XGBoost and Histogram-based Gradient Boosting Decision Trees (HGBDT) have further advanced the state-of-the-art in SQLi detection. These models optimize the boosting process by efficiently handling large datasets and improving generalization capabilities. Chen and Guestrin [26] introduced XGBoost, a popular algorithm for SQLi detection due to its scalability and performance. Ke et al. [27] extended this approach with HGBDT, offering improved computational efficiency and accuracy for high-dimensional data.

Several comparative studies have evaluated the performance of different ML models for SQLi detection. These studies typically compare accuracy, precision, recall, and F1 score metrics to identify the most effective models. Nguyen et al. [28] comprehensively evaluated various ML algorithms, including decision trees, SVMs, and neural networks, for detecting SQL injection attacks, highlighting the superior performance of ensemble learning and boosting models.

Despite significant advancements, several challenges remain in detecting SQL injection attacks using ML techniques. One major challenge is the imbalanced nature of datasets, where non-malicious queries vastly outnumber malicious ones. This imbalance can lead to biased models that favor the majority class. Techniques such as oversampling, undersampling, and synthetic data generation have been proposed to address this issue [29].

Another challenge is the evolving nature of SQL injection attacks. Attackers continuously develop new techniques to bypass existing detection mechanisms, requiring models that can adapt to these changes [30]. Continuous learning and real-time monitoring systems are potential solutions to enhance the adaptability and effectiveness of ML-based detection systems [9].
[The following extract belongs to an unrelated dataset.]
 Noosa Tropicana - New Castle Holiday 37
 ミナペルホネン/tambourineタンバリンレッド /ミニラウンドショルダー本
2.2. Challenges with Explainable AI for SQL Injection Detection

While machine learning models have shown great promise in detecting SQLi attacks, the challenge of interpretability and trustworthiness remains a key barrier to their widespread adoption. SQL injection detection, especially in security-critical web applications, requires not only high-performance models but also clear explanations of how these models make decisions. Explainable AI (XAI) has emerged as a solution to this problem, offering tools to interpret and visualize machine learning models. However, applying XAI in the context of SQL injection detection brings specific challenges.

One significant challenge in applying explainable AI models like SHapley Additive exPlanations (SHAP) [19] and Local Interpretable Model-agnostic Explanations (LIME) [20] to SQLi detection lies in the inherent complexity and variability of SQLi attacks. SQLi attacks often involve obfuscated, multi-layered queries, making it difficult to isolate the specific features or patterns that contribute to a detection decision. This obfuscation can hinder the creation of meaningful explanations that security analysts can easily interpret.
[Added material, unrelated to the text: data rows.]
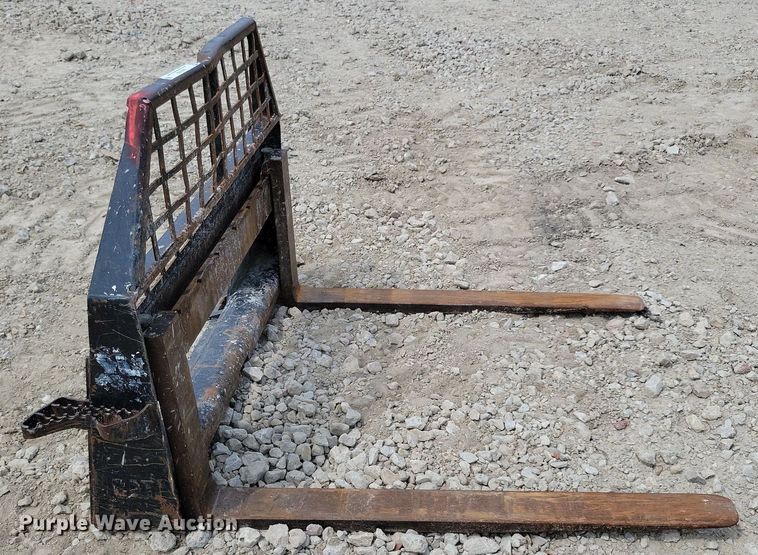 image for item JO9182 46" L skid steer forks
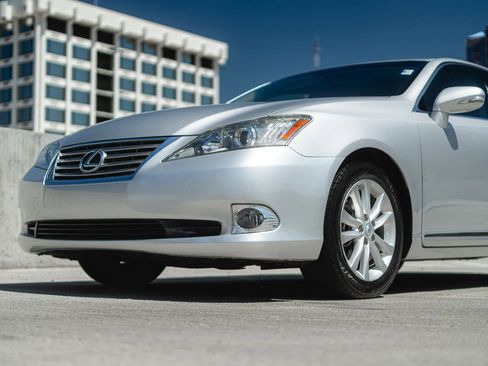 Used 2010 Lexus ES 350 ES 350 Sedan 4D image 9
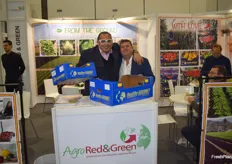 Carlos Glindemann, gerente de AgroRed&Green, junto a uno de sus productores.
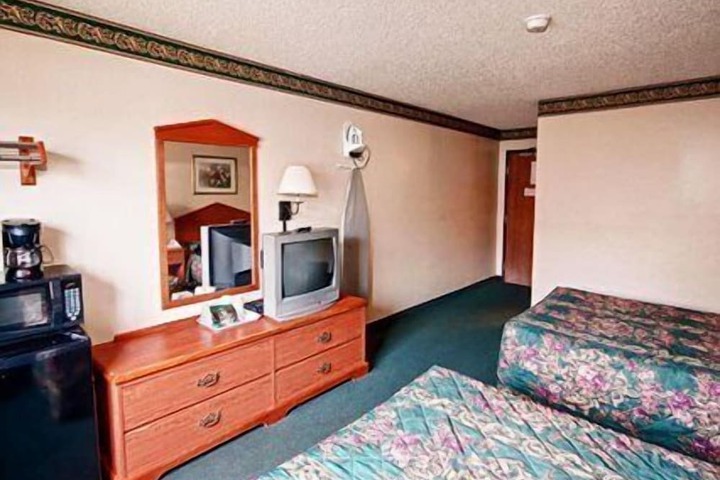 Room 26 of 43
Moreover, one of the main objectives of applying XAI in SQLi detection is to increase the trust in the predictions of the model. In real-world deployments, security teams need to understand not only which features contributed to a prediction but also why the model classified a specific SQL query as malicious. Current XAI methods provide local explanations, which provide insight for individual queries but may not explain broader patterns or attack vectors. For example, explaining why one SQL query was flagged as malicious doesn’t always provide insights into other, potentially related attacks. This limitation underscores the challenge of developing XAI methods that not only provide accurate local explanations but also offer global insights into SQLi attack trends.

In summary, while traditional methods provide a foundational layer of security, integrating machine learning techniques, particularly ensemble learning and boosting models, offers a more robust and dynamic approach to SQLi detection. The current research landscape highlights the effectiveness of these models in identifying and mitigating SQL injection attacks, paving the way for further advancements in this critical area of cybersecurity. However, the application of XAI in this domain remains a challenge due to the complex nature of SQLi attacks, which requires future research to address interpretability issues and improve trust in AI-driven security systems.

3. Methodology

This section presents our methodology for detecting SQL injection using ensemble learning and boosting models, depicted in Figure 1. The process begins with data preprocessing, where we encode string data into a numerical format using a Label Encoder and split the dataset into training and testing sets. We train six models: Decision Tree, Random Forest, XGBoost, AdaBoost, Gradient Boosting Decision Tree (GBDT), and Histogram Gradient Boosting Decision Tree (HGBDT) on the training dataset. These models are then saved as pretrained for inference on the testing dataset. Finally, we evaluate the performance of our approach using key metrics such as confusion matrix, Receiver Operating Characteristic(ROC) curve, precision, recall, accuracy, and F1 score on both the training and testing datasets.

3.1. Data Description

This dataset is sourced from the SQL Injection Attack Dataset [31]. It contains raw SQL query strings labeled with integers in the Label column, where a value of 0 indicates a non-malicious query, and a value of 1 denotes a malicious query. Figure 2 illustrates the distribution of sample data labeled as attack and non-attack in the SQL Injection dataset. The dataset comprises approximately 1,200 attack samples and around 20,000 non-attack samples. To evaluate the performance of our models, we partitioned the dataset into training and testing sets with a ratio of 70:30.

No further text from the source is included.